Hiring a DPO or outsourcing?

Hiring a full-time DPO can be a tricky task, as there is not always the demand or interest in allocating internal resources to this demand.  

In this sense, outsourcing has been pointed out as a solution for companies that want to comply with the legislation effectively, but do not have a large structure or resources to maintain a multidisciplinary team focused on data protection. When a specialized service provider is used, the company gains access to professionals who have more experience to deal with the requirements of the LGPD in different market sectors.In addition, with an external responsible the company starts to view data protection as something integrated into the strategy, instead of a specific problem that only receives attention when a notification arrives or when a leak occurs.  

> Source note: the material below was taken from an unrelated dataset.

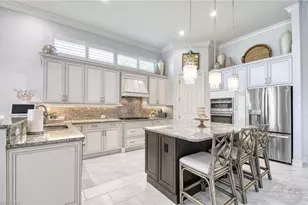 7450 Lantana Cir, Naples, FL 34119 - Photo 7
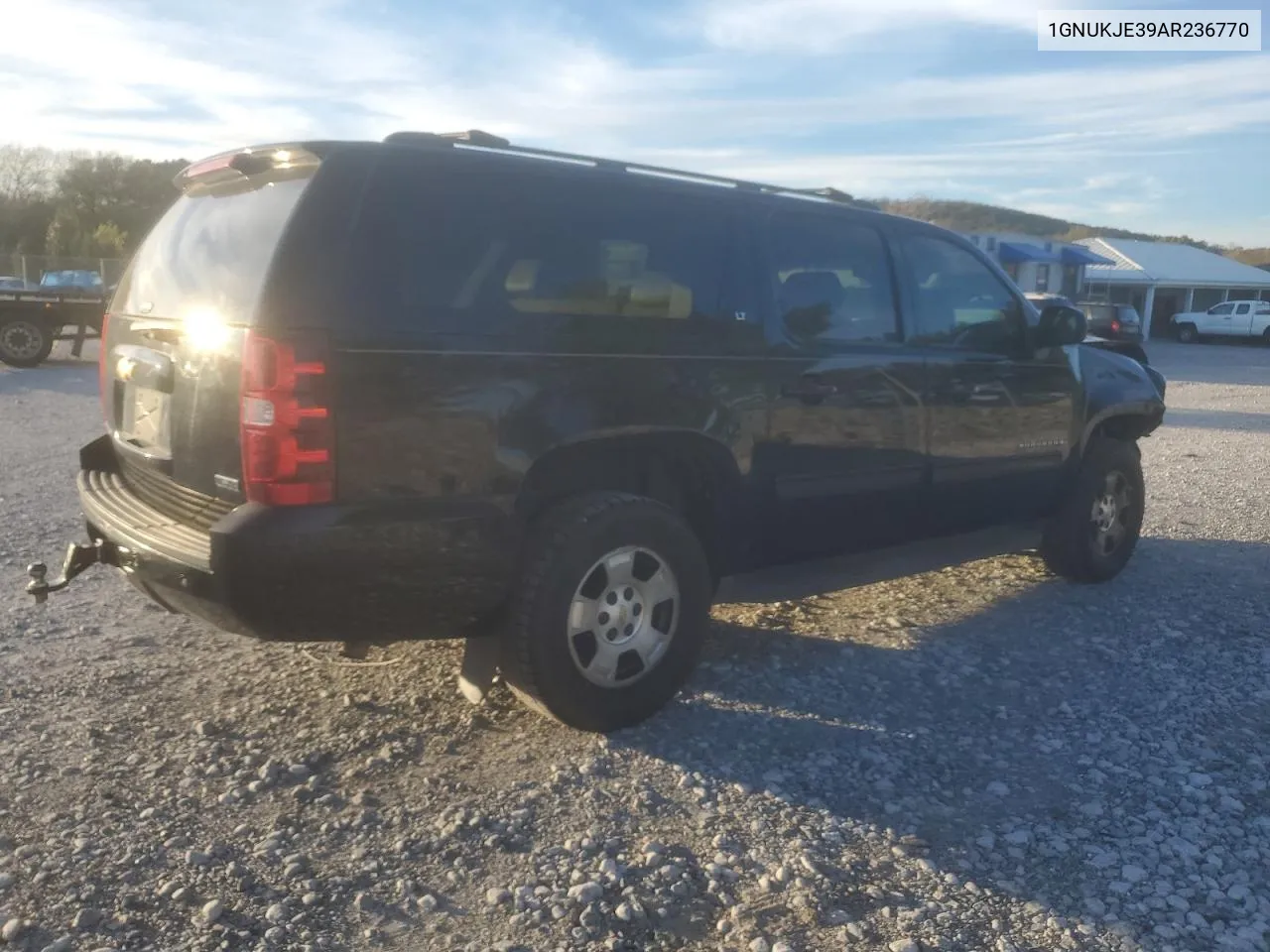 2010 Chevrolet Suburban K1500 Lt VIN: 1GNUKJE39AR236770 Lot: 80547244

This contributes to the creation of robust processes without requiring a large investment in recruitment, training and retention of talent. Outsourcing the data officer goes beyond simply appointing an outsider. The provider usually provides continuous consulting, performing mapping and risk analysis activities, assisting in the development of internal policies, conducting training for teams and monitoring the evolution of legislation and ANPD regulations.  

In addition, there is the advantage of having a team that already has experience in practical cases, which reduces the learning curve and helps prevent incidents that could generate fines or damage to reputation.  

How far does the responsibility of the outsourced DPO go

It is important to highlight that outsourcing does not exempt the organization from its legal responsibilities. The idea is that the company maintains the commitment to ensure the security of the data it collects and treats, because Brazilian law makes it clear that the responsibility for incidents does not fall only on the person in charge, but on the institution as a whole.  

What outsourcing does is offer a professionalized support, which understands the necessary ways to keep the organization in line with the LGPD. The practice of delegating this type of task to an external partner is already adopted in other countries, where data protection has become a critical point of risk management and corporate governance. The European Union, for example, with the General Data Protection Regulation, requires many companies to appoint a data protection officer. There, several companies have opted for outsourcing of the service with the hiring of specialized consultancies, bringing the expertise for “within the” house, without having to create a whole department for it.  

The person in charge, according to the legislation, needs to have autonomy to report failures and propose improvements, and part of the international guidelines suggests that the professional should be free of internal pressures that limit their capacity for supervision. Consultancies that offer this service develop contracts and work methodologies that ensure this type of independence, maintaining transparent communication with managers and establishing clear governance criteria.  

This mechanism protects both the company and the professional himself, who needs to be free to indicate vulnerabilities even if this goes against consolidated practices within a particular sector or department.  

The intensification of the ANPD's supervision is a sign that the tolerance scenario is giving way to a firmer stance, and those who choose not to address this problem now may face heavier consequences in the not too distant future.  

For companies that want a safer path, outsourcing is a choice capable of balancing cost, efficiency and reliability. With this type of partnership, it is possible to correct gaps in the internal environment and structure a compliance routine that will protect the company from both sanctions and risks associated with lack of transparency and security in relation to personal data that is under its responsibility.